Most do. Systems in the first three categories on the spectrum rely on third-party CMMS platforms or manual processes to convert diagnostic findings into work orders. Only closed-loop platforms include native maintenance management, which eliminates the handoff between detection and execution.
- Can a simpler system type be enough for our operation?
It depends on how much manual interpretation and external tooling your team can absorb. Simpler systems require more labor to bridge the gap between an alert and a completed repair. If your team is lean, your asset count is growing, or your vibration expertise is limited, those gaps compound quickly.
- What if we already have a CMMS from another vendor?
Tractian's platform components, including condition-monitoring sensors, AI diagnostics, and APM, integrate with existing enterprise systems via an open API. Teams can adopt individual capabilities alongside their current CMMS and still benefit from automated diagnostics and prescriptive alerts. If the decision is made later to consolidate into a fully native closed-loop program, the transition is simpler because the monitoring and diagnostic layers are already in place.

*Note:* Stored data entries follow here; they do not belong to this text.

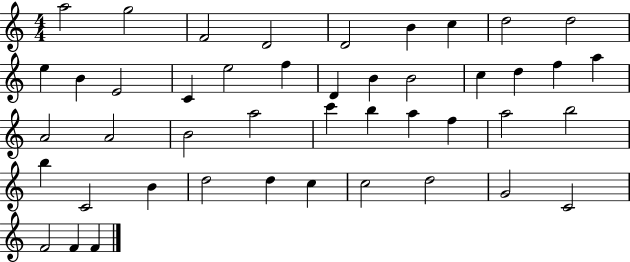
{
  \clef treble
  \numericTimeSignature
  \time 4/4
  \key c \major
  a''2 g''2 | f'2 d'2 | d'2 b'4 c''4 | d''2 d''2 | \break e''4 b'4 e'2 | c'4 e''2 f''4 | d'4 b'4 b'2 | c''4 d''4 f''4 a''4 | \break a'2 a'2 | b'2 a''2 | c'''4 b''4 a''4 f''4 | a''2 b''2 | \break b''4 c'2 b'4 | d''2 d''4 c''4 | c''2 d''2 | g'2 c'2 | \break f'2 f'4 f'4 | \bar "|."
} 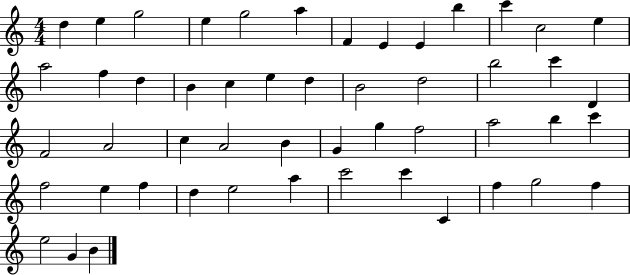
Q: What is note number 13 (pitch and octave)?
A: E5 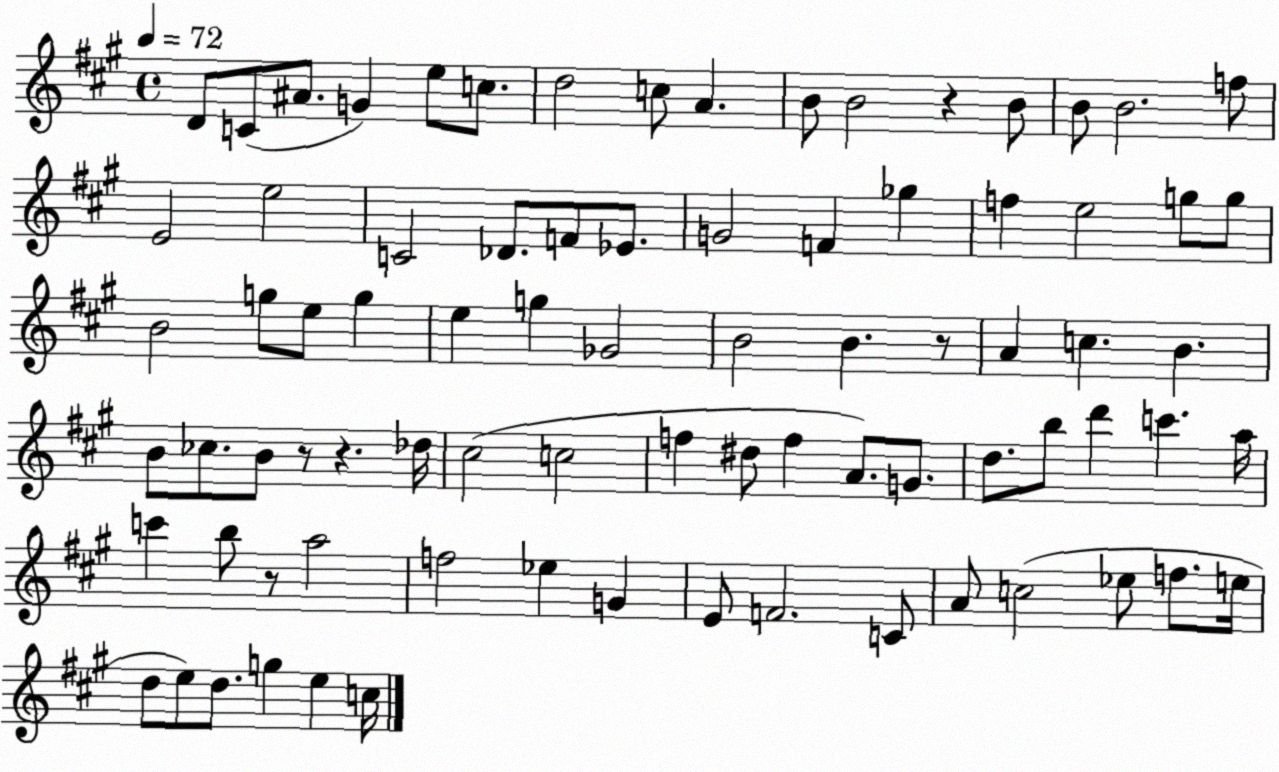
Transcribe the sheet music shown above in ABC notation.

X:1
T:Untitled
M:4/4
L:1/4
K:A
D/2 C/2 ^A/2 G e/2 c/2 d2 c/2 A B/2 B2 z B/2 B/2 B2 f/2 E2 e2 C2 _D/2 F/2 _E/2 G2 F _g f e2 g/2 g/2 B2 g/2 e/2 g e g _G2 B2 B z/2 A c B B/2 _c/2 B/2 z/2 z _d/4 ^c2 c2 f ^d/2 f A/2 G/2 d/2 b/2 d' c' a/4 c' b/2 z/2 a2 f2 _e G E/2 F2 C/2 A/2 c2 _e/2 f/2 e/4 d/2 e/2 d/2 g e c/4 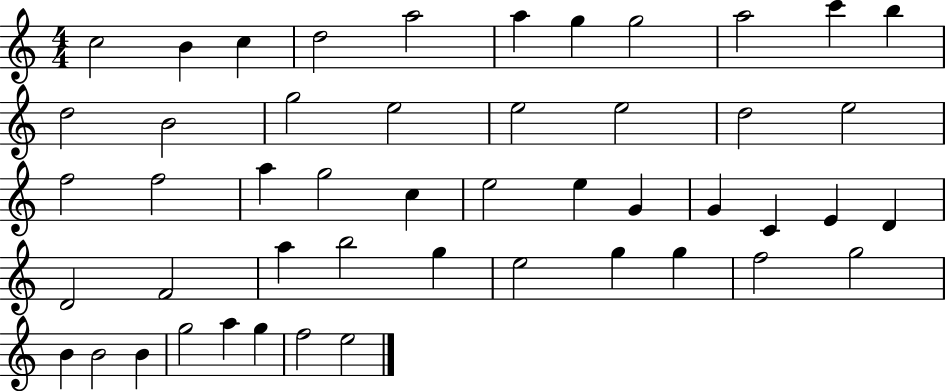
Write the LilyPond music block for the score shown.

- How do I know if my current system is limiting our reliability program?
Look for signs that your team spends more time interpreting data and coordinating between tools than acting on findings. If alerts require manual investigation before anyone knows what to do, if work orders are created in a separate system from where the diagnosis was made, or if diagnostic accuracy hasn't improved despite months of collected data, the system is likely creating more work than it eliminates.
- Why does the path from diagnosis to work order matter so much?
Because the value of detecting a fault is only realized when someone fixes it. Every handoff, re-entry, or tool switch between a diagnostic finding and a completed repair introduces delay, data loss, and the risk that the finding is deprioritized or forgotten entirely. Systems that close that path natively convert more detections into completed actions with less effort.